Supplied data Block Start

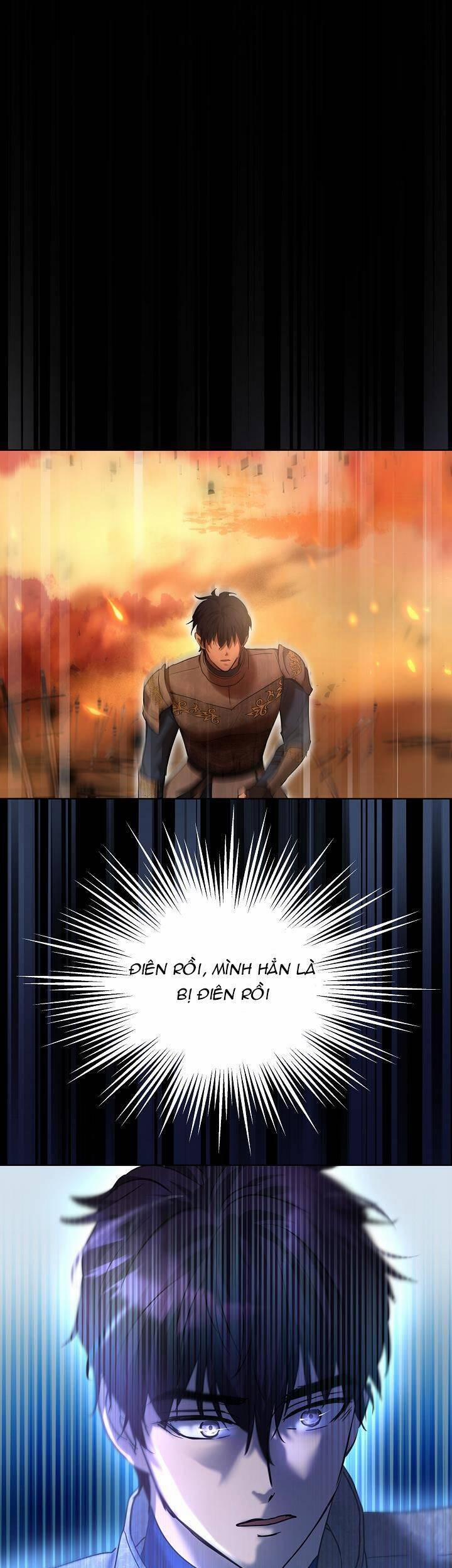 Tôi Đã Tái Sinh Thành Bé Cáo Của Thần 23 trang 9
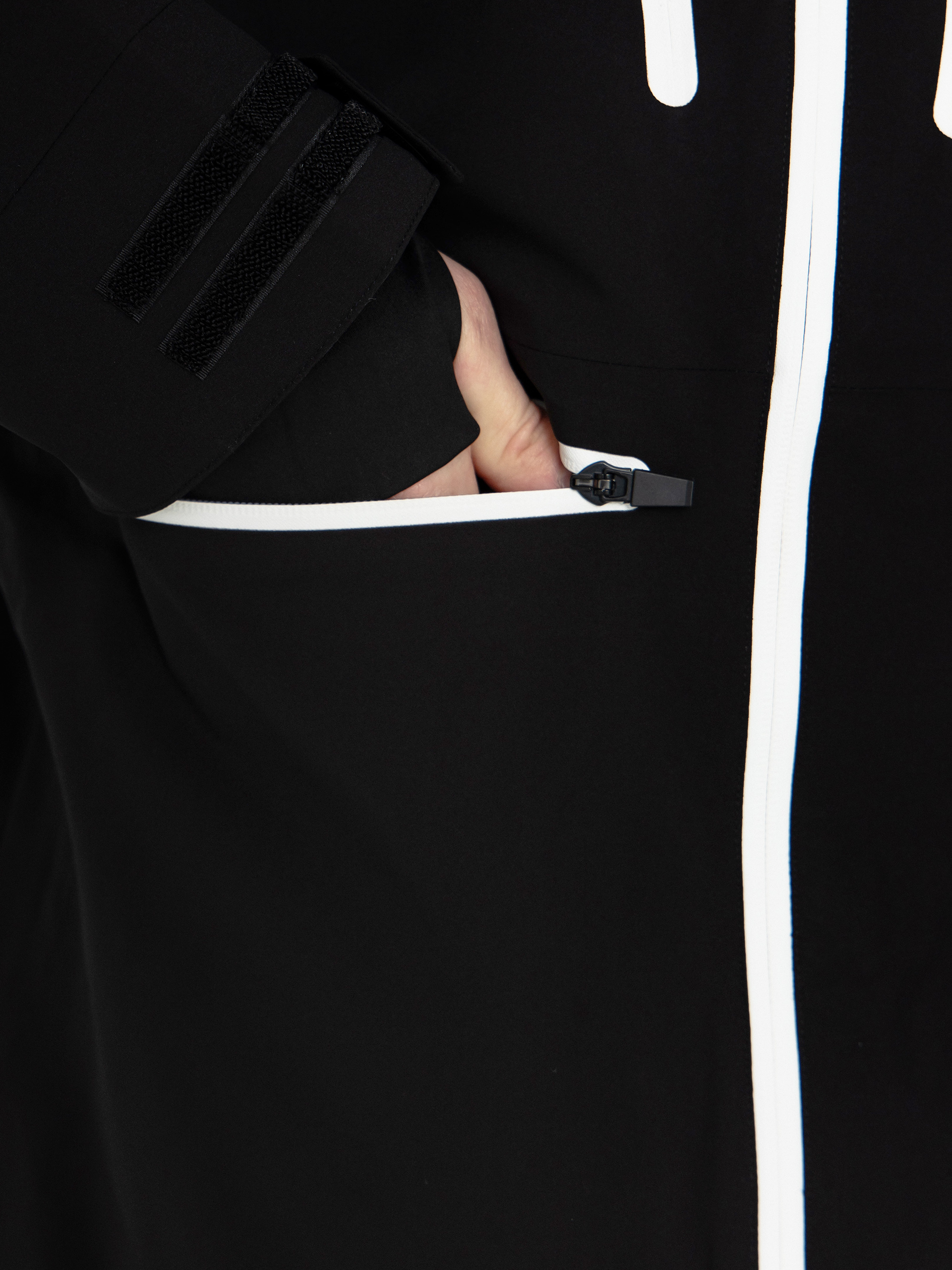 Męska Kurtka snowboardowa ThirtyTwo Tm Recycled (black)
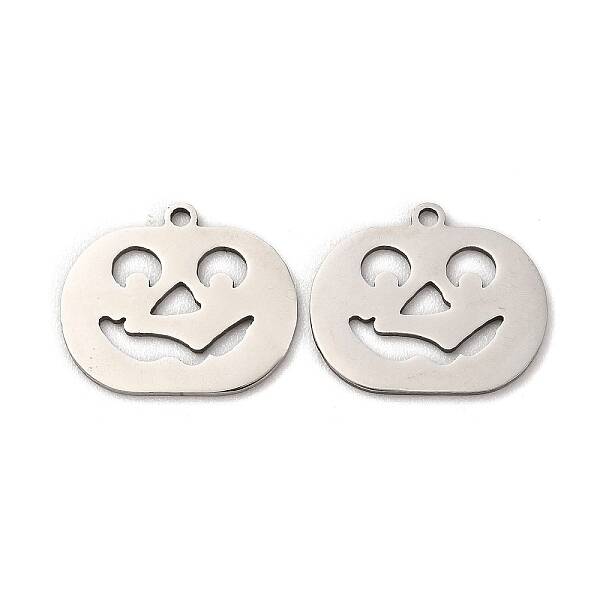 Non-Tarnish 201 Stainless Steel Pendants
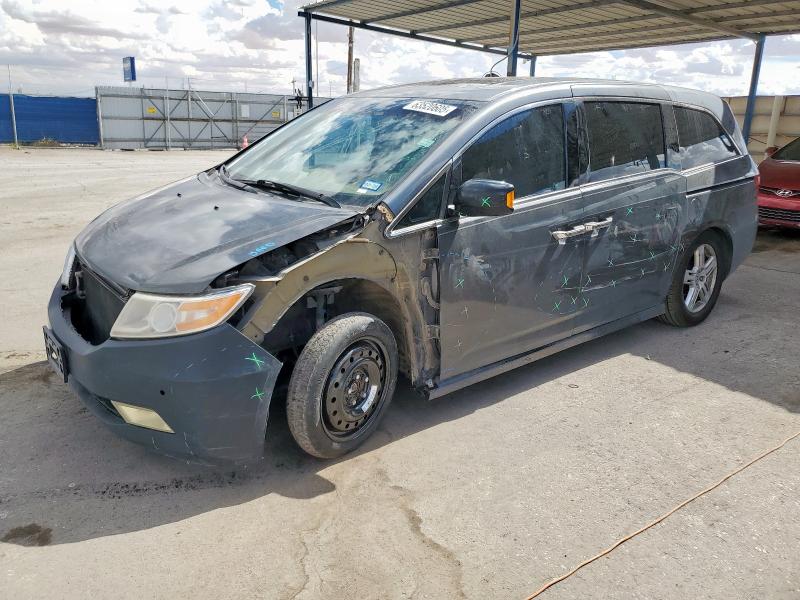 HONDA ODYSSEY TO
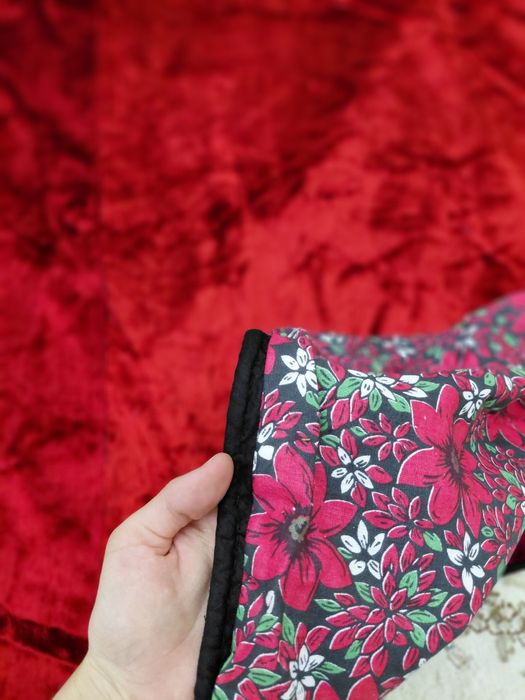 Духоба авра астар курпа учун. 2 хил рангда. Советский тоза, янги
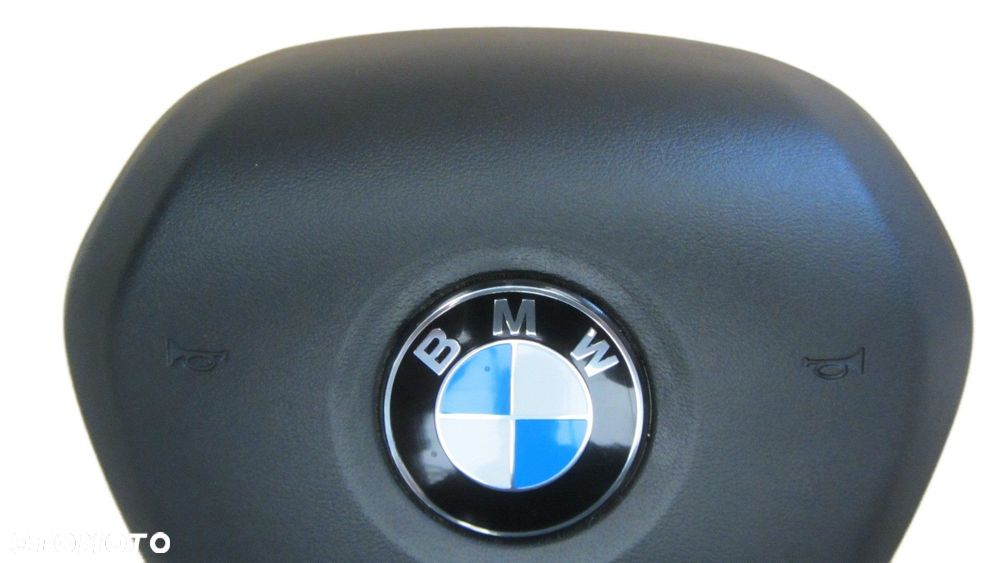 BMW X3 G01 G02 PODUSZKA POWIETRZNA KIEROWCY AIRBAG 6878440 32306878440 USA - 4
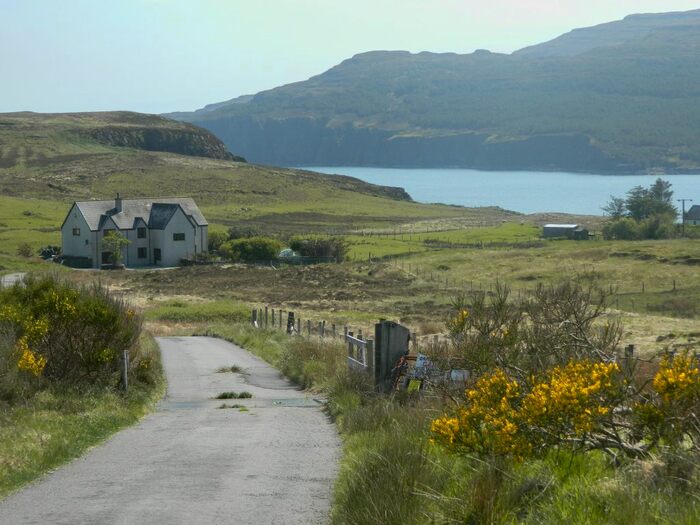 4 Bedroom Detached House For Sale In Roag, Dunvegan, IV55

Supplied data Block End

**What you are asked to do:**
Above are the records; set down exactly the lines from the line containing "Non-Tarnish 201 Stainless Steel Pendants" through their last line, leaving every picture out.

**Response to the exercise:**
 Non-Tarnish 201 Stainless Steel Pendants
 HONDA ODYSSEY TO
 Духоба авра астар курпа учун. 2 хил рангда. Советский тоза, янги
 BMW X3 G01 G02 PODUSZKA POWIETRZNA KIEROWCY AIRBAG 6878440 32306878440 USA - 4
 4 Bedroom Detached House For Sale In Roag, Dunvegan, IV55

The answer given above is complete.